Sir Simon Rattle, como decía al comienzo, ha sido el escultor del alma de una orquesta de la envergadura de la Sinfónica de Londres. La ha modelado, haciendo vibrar esa cuerda excepcional, con los dedos de la mano izquierda moviéndolos como deben moverse las sonoridades, y en ese modelar la gran mole sonora ha llevado a la orquesta a la máxima expresión emotiva y se ha abismado en el dramatismo sugerente que envuelve y atrapa al auditorio, cautivado y, a veces, sorprendido de tal caudal de sonidos y emociones que inunda, en este caso, un recinto tan riguroso como el Palacio de Carlos V. Sir Simon Rattle, el prodigioso escultor; Mahler, el genial creador, y la London Symphony, la maestría y la fidelidad hecha música, triunfaron en el importante ciclo sinfónico que el actual director del Festival, Diego Martínez, nos ha preparado en su despedida del certamen.

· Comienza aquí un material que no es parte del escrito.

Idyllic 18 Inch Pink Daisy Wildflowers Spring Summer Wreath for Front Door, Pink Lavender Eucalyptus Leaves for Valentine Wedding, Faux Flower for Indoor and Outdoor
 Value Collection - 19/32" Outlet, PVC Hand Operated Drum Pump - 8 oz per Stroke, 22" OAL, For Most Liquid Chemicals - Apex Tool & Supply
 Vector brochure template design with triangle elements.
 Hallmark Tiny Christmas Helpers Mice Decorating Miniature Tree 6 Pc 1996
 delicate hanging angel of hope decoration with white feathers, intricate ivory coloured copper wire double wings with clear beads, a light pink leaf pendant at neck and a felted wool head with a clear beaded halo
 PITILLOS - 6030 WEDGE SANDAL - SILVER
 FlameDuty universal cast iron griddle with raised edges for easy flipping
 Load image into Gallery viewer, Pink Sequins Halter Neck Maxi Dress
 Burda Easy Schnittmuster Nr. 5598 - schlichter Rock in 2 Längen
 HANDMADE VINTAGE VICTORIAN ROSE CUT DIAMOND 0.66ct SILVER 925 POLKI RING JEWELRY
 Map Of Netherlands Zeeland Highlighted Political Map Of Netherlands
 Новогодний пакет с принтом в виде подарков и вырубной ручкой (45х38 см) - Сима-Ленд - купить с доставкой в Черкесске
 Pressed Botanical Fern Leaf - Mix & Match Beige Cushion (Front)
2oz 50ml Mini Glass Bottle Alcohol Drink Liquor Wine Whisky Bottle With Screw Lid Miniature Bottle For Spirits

Tras la angustia de la 'Trágica' de Mahler el domingo, ayer la London Symphony Orchestra cambió de registro y comenzó su actuación, dirigida de nuevo por Sir Simon Rattle, con 'El carnaval romano', obra del romántico francés Hector Berlioz, para luego recrear junto a la violinista Janine Jansen el 'Concierto para violín' en Re menor de Jean Sibelius, una pieza de su primera etapa que con los años fue reconocida como una obra maestra del repertorio violinístico. En la segunda parte del concierto la orquesta ofreció la Segunda Sinfonía de Johannes Brahms, que es una de las más delicadas y poéticas obras de este compositor, escrita en unas vacaciones de verano. El público empezó a llamarla 'Pastoral', estableciendo así cierta comparación con Beethoven.